Bugün Kıbrıs/Emine Yüksel
Barolar Birliği İnsan Hakları Komitesi Başkanı avukat Aslı Murat, Kıbrıs’ta insan ticareti ve işçi getirme uygulamalarının ciddi bir sorun haline geldiğini belirtti. Ülkeye işçi getirmenin yalnızca Çalışma Dairesi tarafından yasalar çerçevesinde yapılabileceğini hatırlatan Murat, buna rağmen birçok kişinin bu yasağı ihlal ederek açıkça insan ticareti yaptığını vurguladı.
Murat, “İnsan ticareti suçu, hukuk sistemimize 2020’de girmiştir. Ancak yıllardır farklı sektörlerde varlığını sürdürüyor. Pasaportların zapt edilmesi, işçilerin borçlandırılması ve kötü koşullarda çalıştırılması artık sıradan bir hale geldi” dedi. Devletin bu duruma göz yummasının son derece tuhaf olduğunu dile getiren Murat, toplumun da bu sorunu umursamadığını ifade etti.
Murat, insan ticaretine karşı etkili bir mücadele için yasal eksikliklerin giderilmesi gerektiğini vurgulayarak, “Ancak devlet içinde bu suçları işleyen çeteler ve onlara fırsat tanıyanlar var” diye ekledi. Murat, insan ticaretinin önlenmesi için yurtdışından işçi getirilmesine yönelik katı kurallar içeren sistemin acil olarak hayata geçirilmesi gerektiğini vurguladı.
Avukat Aslı Murat ile sosyal ve yapısal sorunları konuştuk…
– Ülkede artan suç oranlarının önüne geçebilmek için neler yapılmalı?
Suçlar kamu düzenini, toplumun huzur ve güvenliğini bozan fiillerdir. Bu sebeple bireye karşı işlense bile aslında toplumun genelini ilgilendirir. Cezalandırmada, suç işleyen insanın ıslahının amaçlanması yanında topluma da bir ders verilir aslında. Ama bizde devlet sadece suç işlendikten sonraki aşamada devreye giriyor. Mahkemelerdeki ceza davalarında yaşanan yoğunluk ve cezaevinin yeni yapılmasına rağmen kapasitesini kısa sürede aşması da bunu kanıtlıyor. Suçun önlenmesi kısmında ihmale varacak bir boşluk var. Halbuki önemli olan suçun ortaya çıkmadan engellenmesidir. Bu noktada özellikle yoğunlukla işlenen suçların ortaya çıkış nedenleri üzerine saptama yapıp, gereken sosyal politikaları hayata geçirmek gerekir.
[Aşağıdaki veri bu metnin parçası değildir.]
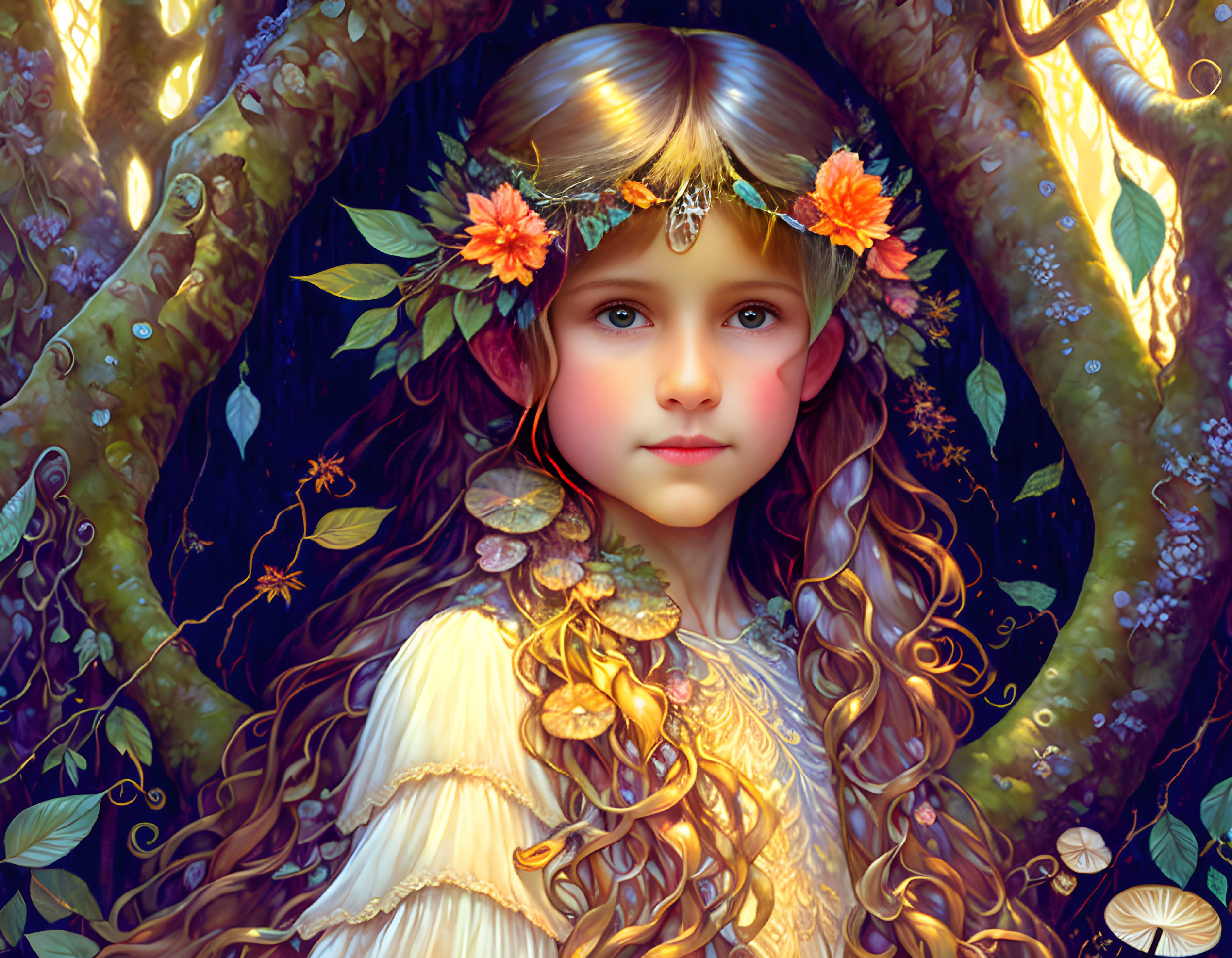 Curly-Haired Girl with Orange Flower Wreath in Mystical Forest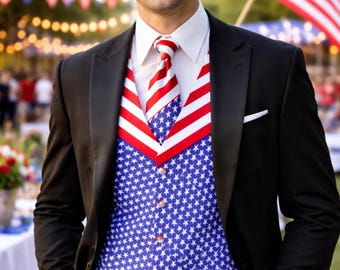 Chaleco y corbata de esmoquin para desfile patriótico del 4 de julio, rojo, blanco y azul, accesorios de celebración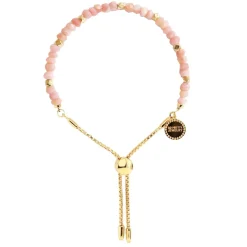ICONIC ADJUSTABLE NUGGET BRACELET - PINK OPAL & GOLD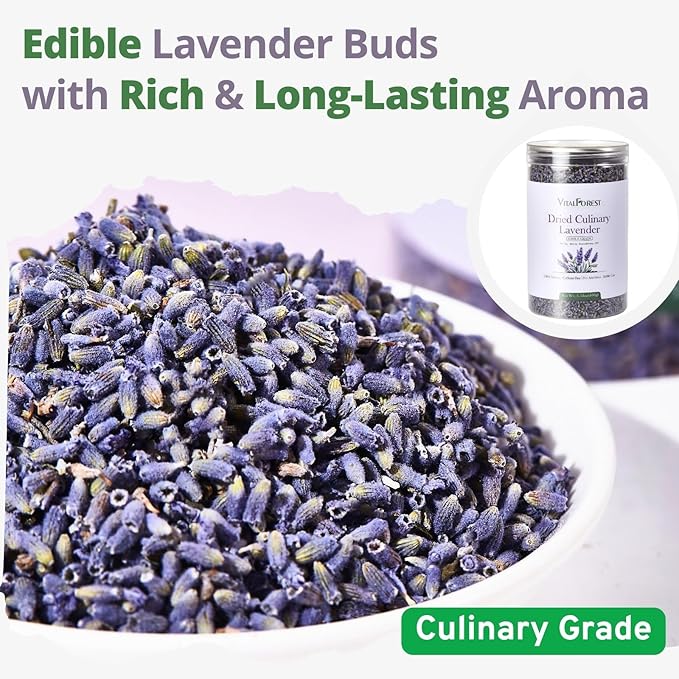 Dried Culinary Lavender – 100% Natural Food Grade Lavender Buds Herbs Tea, 3.53oz (100g), Edible Lavenders Flowers for Drinks, Baking, Cooking, Tea, Bath Soak, DIY Skincare & Crafts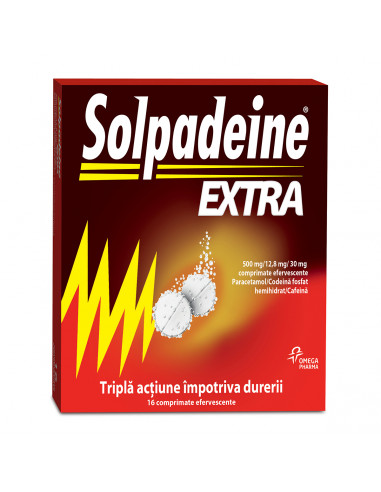 Solpadeine Extra 500 mg/12,8 mg/30 mg, 16 comprimate efervescente, Omega Pharma - SISTEMUL-RESPIRATOR - OMEGA PHARMA 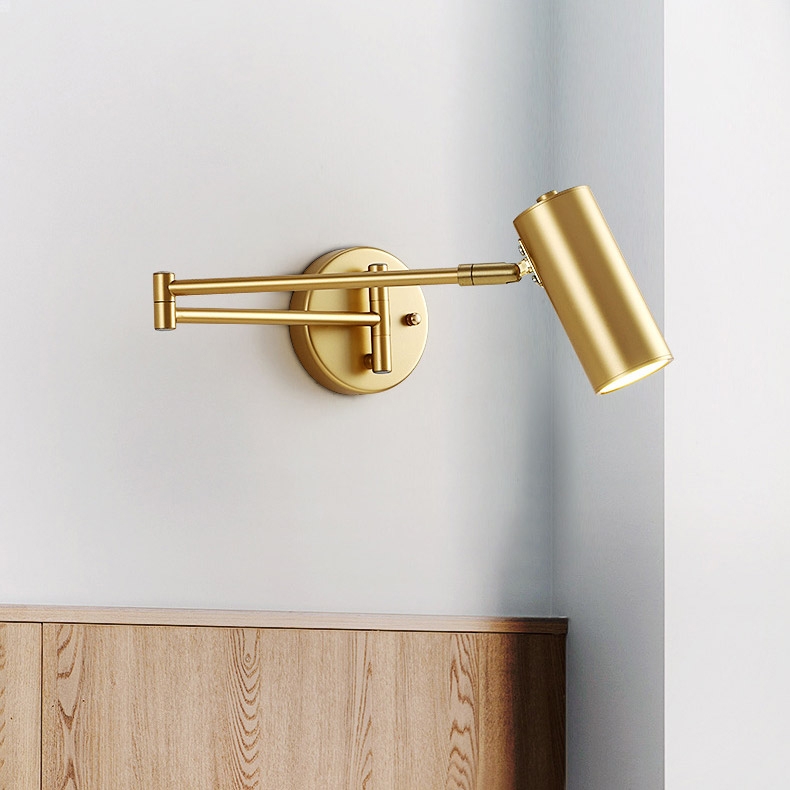 Gold Modern Swing Arm Indoor Wall Sconce 1 Light window image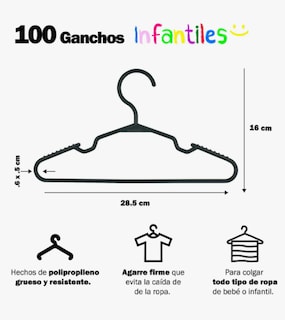 Foto 2 | 100 Ganchos Infantil Ropa Niño Niña Color Negro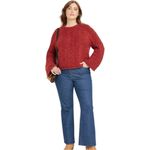 Universal Thread Women's Cable Knit Crewneck Pullover Sweater Red Photo 1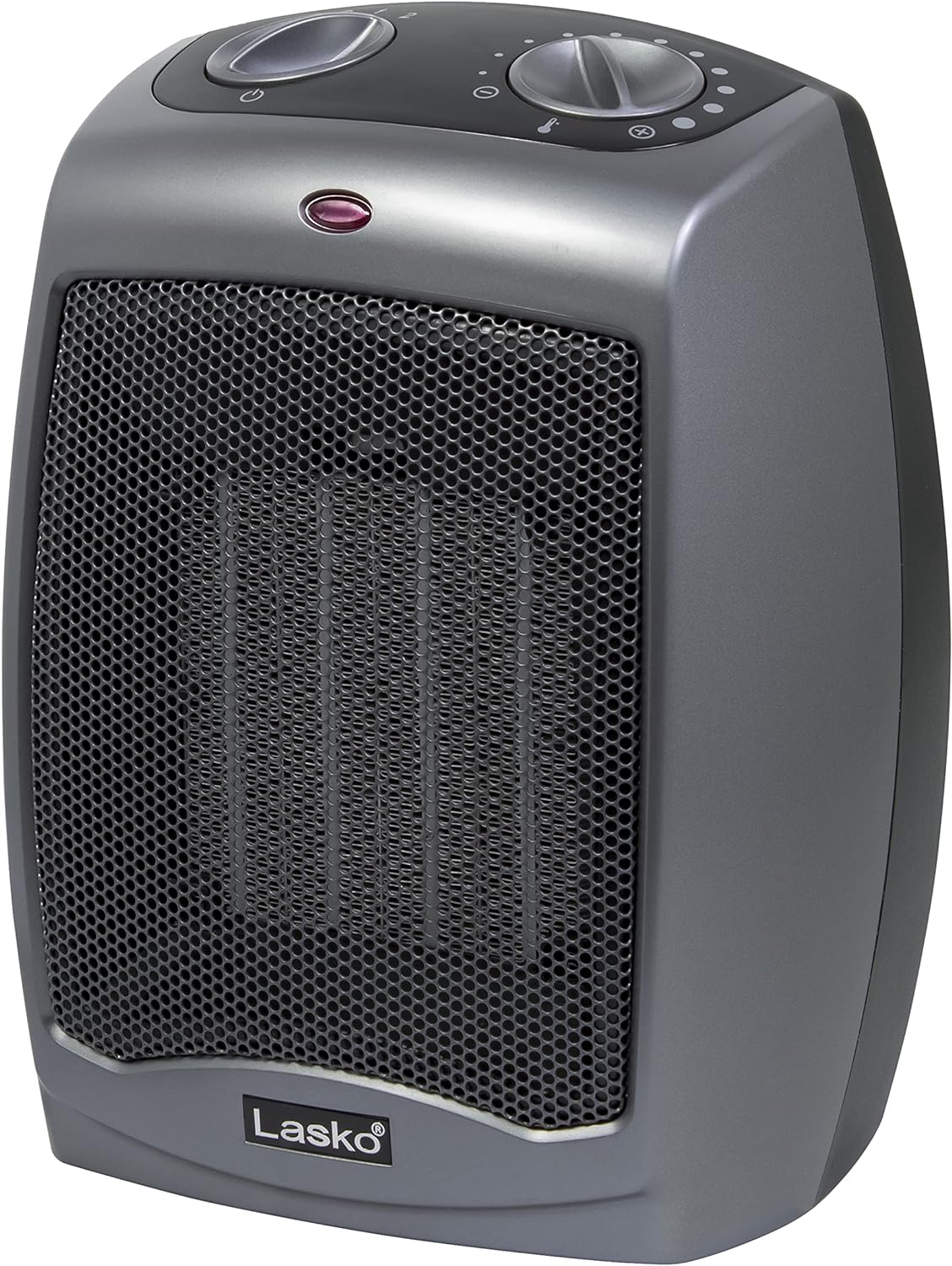 Lasko 754201 Small Portable 1500W Electric Ceramic Space Heater with Tip-Over Safety Switch, Overheat Protection, Thermostat and Extra Long 8-ft Cord for Indoor Ho, 9.2 x 7 x 6 inches, Gray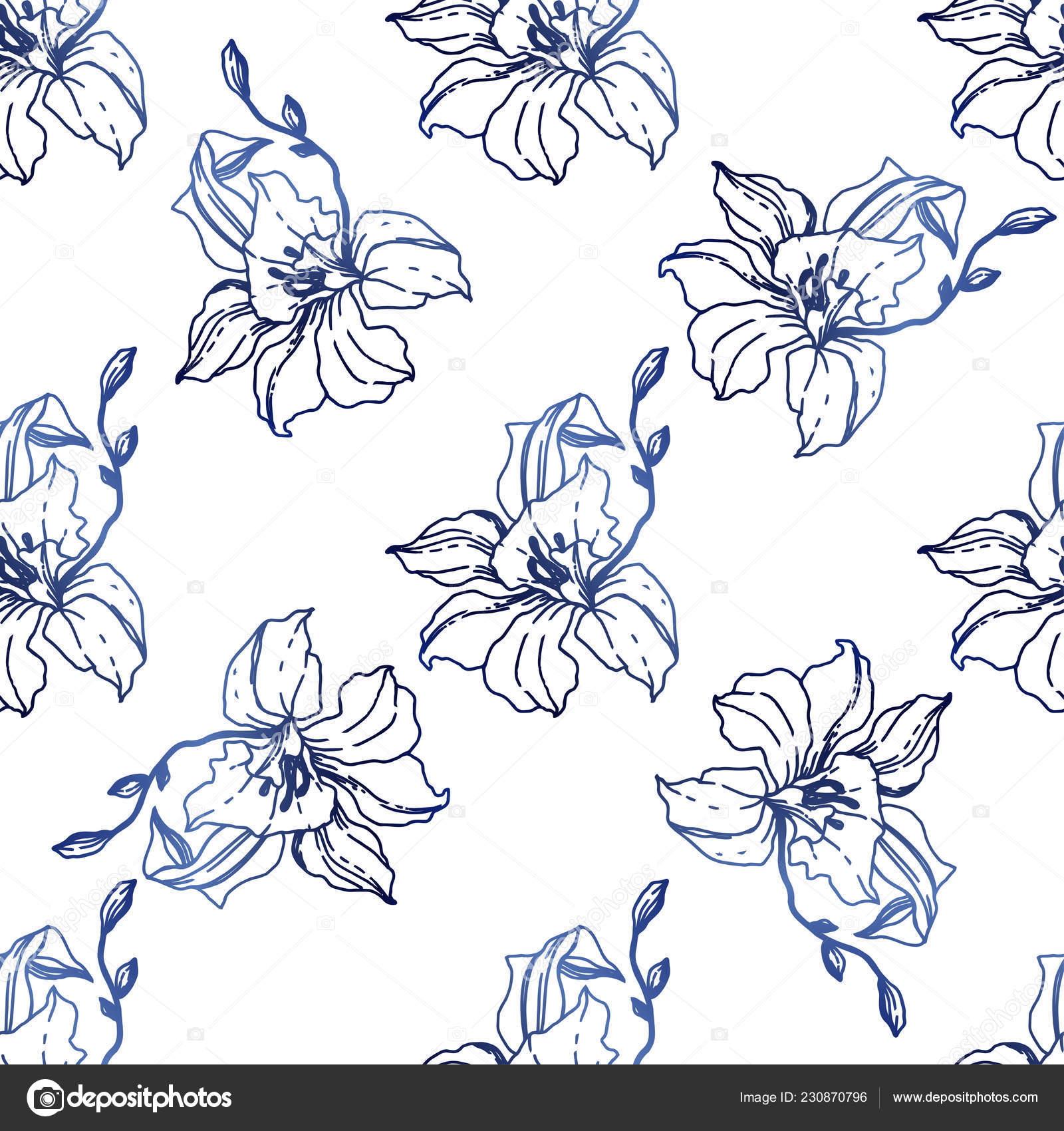 Beautiful Blue Orchid Flowers Seamless Background Pattern Fabric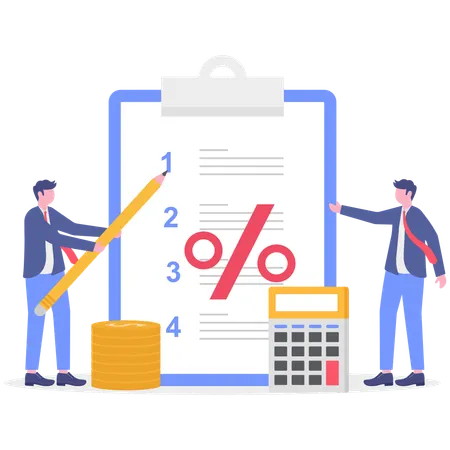 Businessman signs financial deal  Illustration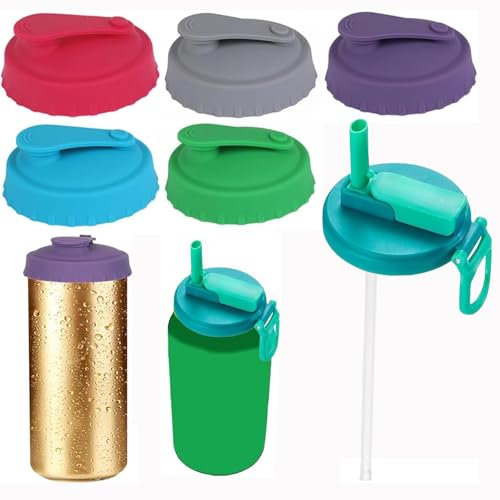 6 PCS Can Covers with Straws, Can Straw Lid, Soda Can Lids with Straw, Can Cover with Straw, Reusable Can Spill Stopper, Can Straw Lid For Fits Standard For Canned Beverage, Beer,Juice,Seltzer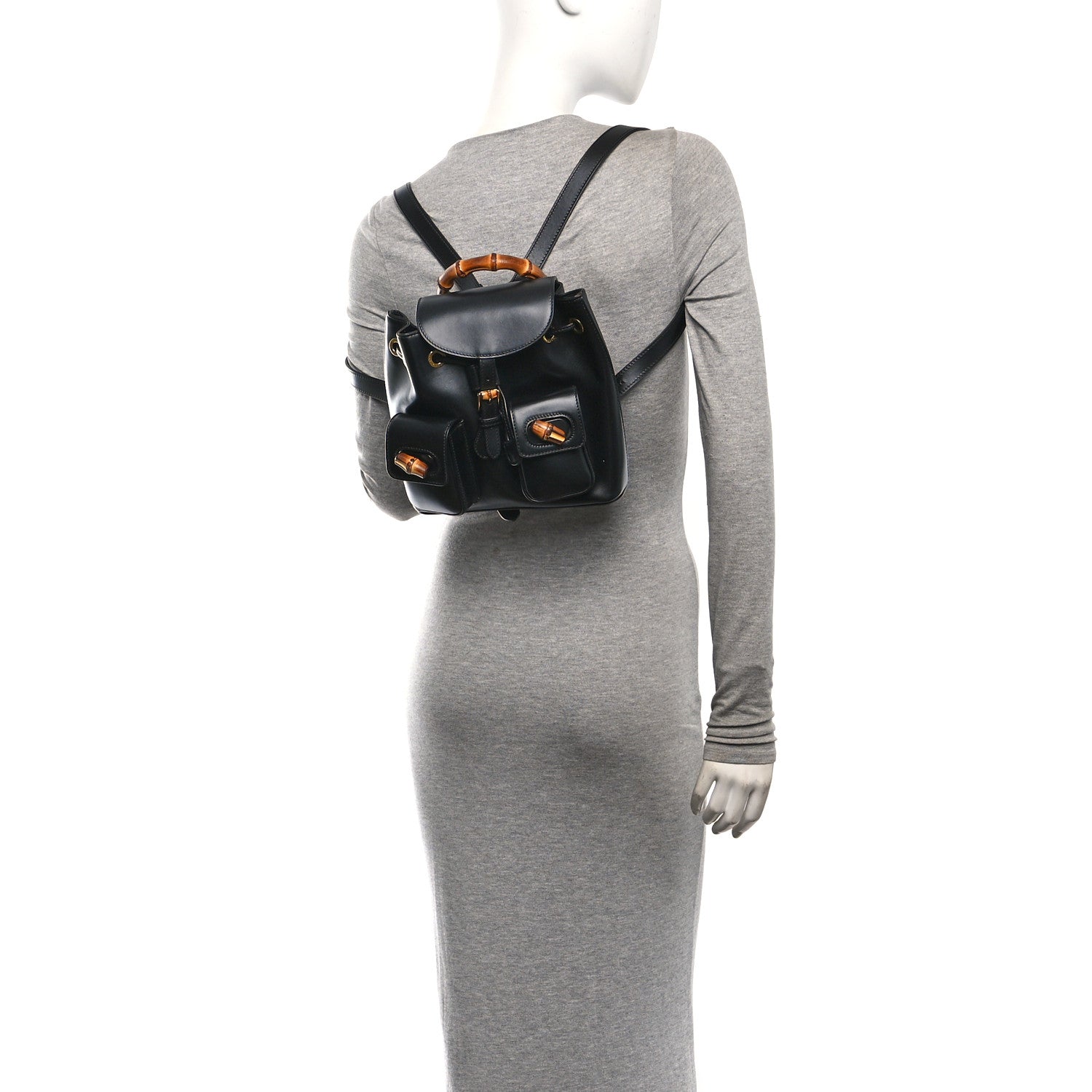 Gucci Calfskin Bamboo Backpack Black 2 of 10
Mesela Mahkeme’nin yayınladığı 2023 istatistiklerine göre uyuşturucu maddeler ile ilgili suçlar birinci sırada, resmi evrakta sahtecilik – sahte resmi belge düzenleme – başkasının kimliğine bürünme gibi suçlar ise ikinci sırada yere alıyor. Fiziksel ve cinsel şiddet gibi suçların da azımsanmayacak bir noktaya varıldığı görülüyor. Devletin geri kalanı bunları görüyor ama ne yapıyor? Hatta şu anki hükümetin, devlet idaresine atadığı pek çok kişi bile sahtecilik suçlarından yargılanmayı bekliyor.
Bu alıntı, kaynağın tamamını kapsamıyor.